- TASK
Restate word for word the line containing "補修材 潤滑 補修 溶接用品" and each line that follows it, through the last line below, and nothing else.
** Opening SUPPLIED DATA block **
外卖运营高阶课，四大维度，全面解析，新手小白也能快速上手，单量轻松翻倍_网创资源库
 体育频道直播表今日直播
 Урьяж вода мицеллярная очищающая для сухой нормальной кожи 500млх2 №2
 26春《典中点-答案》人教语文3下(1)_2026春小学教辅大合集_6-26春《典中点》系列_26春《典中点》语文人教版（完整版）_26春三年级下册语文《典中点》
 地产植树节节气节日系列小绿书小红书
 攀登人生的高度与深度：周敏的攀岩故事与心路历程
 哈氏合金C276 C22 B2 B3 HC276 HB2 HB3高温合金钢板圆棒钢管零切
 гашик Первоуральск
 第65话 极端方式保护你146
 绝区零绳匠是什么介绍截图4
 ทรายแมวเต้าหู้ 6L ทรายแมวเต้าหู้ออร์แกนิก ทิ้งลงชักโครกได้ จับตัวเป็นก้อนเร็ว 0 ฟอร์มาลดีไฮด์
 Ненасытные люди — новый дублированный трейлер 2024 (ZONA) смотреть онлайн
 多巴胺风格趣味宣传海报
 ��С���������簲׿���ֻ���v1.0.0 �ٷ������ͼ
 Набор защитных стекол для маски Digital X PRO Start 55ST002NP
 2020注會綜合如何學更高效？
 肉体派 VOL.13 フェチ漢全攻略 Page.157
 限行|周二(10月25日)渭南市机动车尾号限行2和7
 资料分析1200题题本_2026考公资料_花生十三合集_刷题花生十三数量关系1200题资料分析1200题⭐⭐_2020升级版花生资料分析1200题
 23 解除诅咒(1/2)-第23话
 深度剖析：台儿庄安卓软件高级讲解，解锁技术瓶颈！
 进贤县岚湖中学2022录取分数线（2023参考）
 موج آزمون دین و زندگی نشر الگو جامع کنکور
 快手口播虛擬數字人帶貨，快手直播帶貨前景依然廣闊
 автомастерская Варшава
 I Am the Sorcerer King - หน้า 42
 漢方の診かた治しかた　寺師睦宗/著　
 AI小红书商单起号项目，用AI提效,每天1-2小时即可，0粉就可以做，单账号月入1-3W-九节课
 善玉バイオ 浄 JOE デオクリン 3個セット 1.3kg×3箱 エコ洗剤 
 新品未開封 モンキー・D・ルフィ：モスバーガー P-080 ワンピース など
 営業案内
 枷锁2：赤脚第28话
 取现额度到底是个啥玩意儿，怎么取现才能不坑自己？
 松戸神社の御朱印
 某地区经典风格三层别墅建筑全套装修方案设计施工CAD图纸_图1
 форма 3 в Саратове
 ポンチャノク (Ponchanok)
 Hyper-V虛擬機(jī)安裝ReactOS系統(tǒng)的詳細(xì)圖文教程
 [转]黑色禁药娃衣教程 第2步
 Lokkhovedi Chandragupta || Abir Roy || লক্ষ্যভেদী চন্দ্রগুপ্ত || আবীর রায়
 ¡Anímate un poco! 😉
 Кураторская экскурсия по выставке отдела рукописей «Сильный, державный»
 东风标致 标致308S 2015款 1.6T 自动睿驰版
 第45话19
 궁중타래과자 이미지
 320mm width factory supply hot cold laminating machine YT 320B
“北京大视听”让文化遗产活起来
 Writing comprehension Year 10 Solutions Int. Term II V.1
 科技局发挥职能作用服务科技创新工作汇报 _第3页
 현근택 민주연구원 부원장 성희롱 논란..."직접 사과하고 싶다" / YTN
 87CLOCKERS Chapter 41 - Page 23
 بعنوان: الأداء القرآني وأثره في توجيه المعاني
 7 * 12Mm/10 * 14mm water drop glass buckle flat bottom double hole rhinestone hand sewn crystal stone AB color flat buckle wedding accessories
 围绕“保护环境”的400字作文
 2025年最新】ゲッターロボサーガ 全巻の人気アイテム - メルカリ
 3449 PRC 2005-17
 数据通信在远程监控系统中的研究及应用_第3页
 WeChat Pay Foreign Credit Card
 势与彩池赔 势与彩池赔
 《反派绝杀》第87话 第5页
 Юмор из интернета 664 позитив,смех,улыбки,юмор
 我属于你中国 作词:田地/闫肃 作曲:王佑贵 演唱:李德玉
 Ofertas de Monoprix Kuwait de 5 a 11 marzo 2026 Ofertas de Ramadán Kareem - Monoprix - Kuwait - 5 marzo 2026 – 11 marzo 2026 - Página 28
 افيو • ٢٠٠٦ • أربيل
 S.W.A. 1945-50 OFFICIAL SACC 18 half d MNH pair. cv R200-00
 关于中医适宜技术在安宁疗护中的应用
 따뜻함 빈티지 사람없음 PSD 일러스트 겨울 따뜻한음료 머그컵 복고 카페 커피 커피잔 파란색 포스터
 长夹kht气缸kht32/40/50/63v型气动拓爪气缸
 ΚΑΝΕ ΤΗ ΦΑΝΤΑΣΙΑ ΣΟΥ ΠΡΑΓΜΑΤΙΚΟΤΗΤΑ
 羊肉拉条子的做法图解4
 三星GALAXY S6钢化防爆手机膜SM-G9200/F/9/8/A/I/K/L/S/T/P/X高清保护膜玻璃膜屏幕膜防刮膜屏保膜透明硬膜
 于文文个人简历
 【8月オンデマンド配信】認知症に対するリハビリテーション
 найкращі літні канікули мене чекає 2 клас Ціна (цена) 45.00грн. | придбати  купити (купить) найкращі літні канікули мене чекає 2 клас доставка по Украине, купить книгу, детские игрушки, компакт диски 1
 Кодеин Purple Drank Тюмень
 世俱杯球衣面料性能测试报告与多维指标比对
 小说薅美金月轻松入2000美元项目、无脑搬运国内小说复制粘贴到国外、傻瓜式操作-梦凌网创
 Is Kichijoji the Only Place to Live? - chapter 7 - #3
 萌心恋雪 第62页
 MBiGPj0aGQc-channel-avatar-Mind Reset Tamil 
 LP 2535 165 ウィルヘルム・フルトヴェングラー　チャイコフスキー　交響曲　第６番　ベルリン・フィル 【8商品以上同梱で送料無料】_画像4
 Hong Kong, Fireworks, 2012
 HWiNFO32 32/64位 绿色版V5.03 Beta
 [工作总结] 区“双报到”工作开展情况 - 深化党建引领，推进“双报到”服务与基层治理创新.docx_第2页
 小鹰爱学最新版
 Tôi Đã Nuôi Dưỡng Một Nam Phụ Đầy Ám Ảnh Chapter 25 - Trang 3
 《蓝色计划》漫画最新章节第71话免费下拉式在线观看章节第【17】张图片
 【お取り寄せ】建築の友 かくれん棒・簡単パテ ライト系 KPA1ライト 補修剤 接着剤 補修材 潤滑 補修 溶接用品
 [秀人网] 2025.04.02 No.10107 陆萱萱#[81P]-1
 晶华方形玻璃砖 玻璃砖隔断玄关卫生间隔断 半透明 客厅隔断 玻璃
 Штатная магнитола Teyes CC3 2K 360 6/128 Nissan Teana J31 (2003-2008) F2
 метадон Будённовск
** Closing SUPPLIED DATA block **
- ANSWER BOX
 【お取り寄せ】建築の友 かくれん棒・簡単パテ ライト系 KPA1ライト 補修剤 接着剤 補修材 潤滑 補修 溶接用品
 [秀人网] 2025.04.02 No.10107 陆萱萱#[81P]-1
 晶华方形玻璃砖 玻璃砖隔断玄关卫生间隔断 半透明 客厅隔断 玻璃
 Штатная магнитола Teyes CC3 2K 360 6/128 Nissan Teana J31 (2003-2008) F2
 метадон Будённовск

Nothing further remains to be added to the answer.